Then either download and decompress our source code, or fetch it using git. Now change directory to the Biopython source code folder and run:

pip install -e .
python setup.py test
sudo python setup.py install

Substitute python with your specific version if required, for example python3, or pypy3.

To exclude tests that require an internet connection (and which may take a long time), use the --offline option:

python setup.py test --offline

If you need to do additional configuration, e.g. changing the install directory prefix, please type python setup.py.

Testing

Biopython includes a suite of regression tests to check if everything is running correctly. To run the tests, go to the biopython source code directory and type:

pip install -e .
python setup.py test

If you want to skip the online tests (which is recommended when doing repeated testing), use:

python setup.py test --offline

Do not panic if you see messages warning of skipped tests:

test_DocSQL ... skipping. Install MySQLdb if you want to use Bio.DocSQL.

This most likely means that a package is not installed. You can ignore this if it occurs in the tests for a module that you were not planning on using. If you did want to use that module, please install the required dependency and re-run the tests.

Some of the tests may fail due to network issues, this is often down to chance or a service outage. If the problem does not go away on re-running the tests, you can use the --offline option.

There is more testing information in the Biopython Tutorial & Cookbook.

Experimental code

Biopython 1.61 introduced a new warning, Bio.BiopythonExperimentalWarning, which is used to mark any experimental code included in the otherwise stable Biopython releases. Such 'beta' level code is ready for wider testing, but still likely to change, and should only be tried by early adopters in order to give feedback via the biopython-dev mailing list.

We'd expect such experimental code to reach stable status within one or two releases, at which point our normal policies about trying to preserve backwards compatibility would apply.

Bugs

While we try to ship a robust package, bugs inevitably pop up. If you are having problems that might be caused by a bug in Biopython, it is possible that it has already been identified. Update to the latest release if you are not using it already, and retry. If the problem persists, please search our bug database and our mailing lists to see if it has already been reported (and hopefully fixed), and if not please do report the bug. We can't fix problems we don't know about ;)

Issue tracker: https://github.com/biopython/biopython/issues

If you suspect the problem lies within a parser, it is likely that the data format has changed and broken the parsing code. (The text BLAST and GenBank formats seem to be particularly fragile.) Thus, the parsing code in Biopython is sometimes updated faster than we can build Biopython releases. You can get the most recent parser by pulling the relevant files (e.g. the ones in Bio.SeqIO or Bio.Blast) from our git repository. However, be careful when doing this, because the code in github is not as well-tested as released code, and may contain new dependencies.
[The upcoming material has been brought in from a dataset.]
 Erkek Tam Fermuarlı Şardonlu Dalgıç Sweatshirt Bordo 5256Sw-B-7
In any bug report, please let us know:

Which operating system and hardware (32 bit or 64 bit) you are using
Python version
Biopython version (or git commit/date)
Traceback that occurs (the full error message)

And also ideally:

Example code that breaks
A data file that causes the problem

Contributing, Bug Reports

Biopython is run by volunteers from all over the world, with many types of backgrounds. We are always looking for people interested in helping with code development, web-site management, documentation writing, technical administration, and whatever else comes up.
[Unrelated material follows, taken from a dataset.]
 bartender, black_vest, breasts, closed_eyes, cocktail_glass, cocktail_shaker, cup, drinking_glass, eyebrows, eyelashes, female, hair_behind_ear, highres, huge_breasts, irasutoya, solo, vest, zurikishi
If you wish to contribute, please first read CONTRIBUTING.rst here, visit our web site http://biopython.org and join our mailing list: http://biopython.org/wiki/Mailing_lists

Distribution Structure

README.rst -- This file.
NEWS.rst -- Release notes and news.
LICENSE.rst -- What you can do with the code.
CONTRIB.rst -- An (incomplete) list of people who helped Biopython in one way or another.
CONTRIBUTING.rst -- An overview about how to contribute to Biopython.
DEPRECATED.rst -- Contains information about modules in Biopython that were removed or no longer recommended for use, and how to update code that uses those modules.
MANIFEST.in -- Configures which files to include in releases.
setup.py -- Installation file.
Bio/ -- The main code base code.
BioSQL/ -- Code for using Biopython with BioSQL databases.
Doc/ -- Documentation.
Scripts/ -- Miscellaneous, possibly useful, standalone scripts.
Tests/ -- Regression testing code including sample data files.

biopython's People

Contributors

Stargazers

Watchers

Forkers

etal peterjc barwil nmatzke jamescasbon spling eoc21 mswiatek jkala nesnidal frankkl ndaniel chapmanb apierleoni jamestbrown mat-d pajanne nizy abelsen jdiez kuikuisven krieg pgarland barendt laserson ntamas joaorodrigues jfinkels crosvera lidaof nickloman wgillett komal-s csds2 rajgopals mtrellet polyatail sbassi habnabit dwinter academicrobot bow asafpr mok0 mchelem starius davidcain benreynwar awesomo rachel-latour timwintle guniorobot dirkpascal biodec chiragmatkar sterlesser spock poneill elictricocean luwening katerose lennax bigben446 mercutio22 jeffhsu3 zachcp markstoehr soledad11 eclarke cathoderay msabramo kblin christophchamp tejastank battmatt chrismit jeffhussmann bingw a-nai bgruening jingping jonas-r kevinwuhoo jamesonnetworks midnighter cbrueffer bioinformaticsarchive donkang75 asford igorrcosta dnanerd olgabot davidmam bendmorris kdm9 rwbarrette konrad bsmith89 anntzer ak352

biopython's Issues

plans to implement k-means++ initiation?

Are there plans to include the ability to use smart initiation of clusters with k-means++ or similar yet? A search on this repo's code/issues yielded no results. I hope this is not a duplicate post!

Gus

Bio/SeqIO/SffIO: assert in _check_eof

Seems there is one more place where biopython-1.63 is still too strict while writing out SFF files (see issue #219).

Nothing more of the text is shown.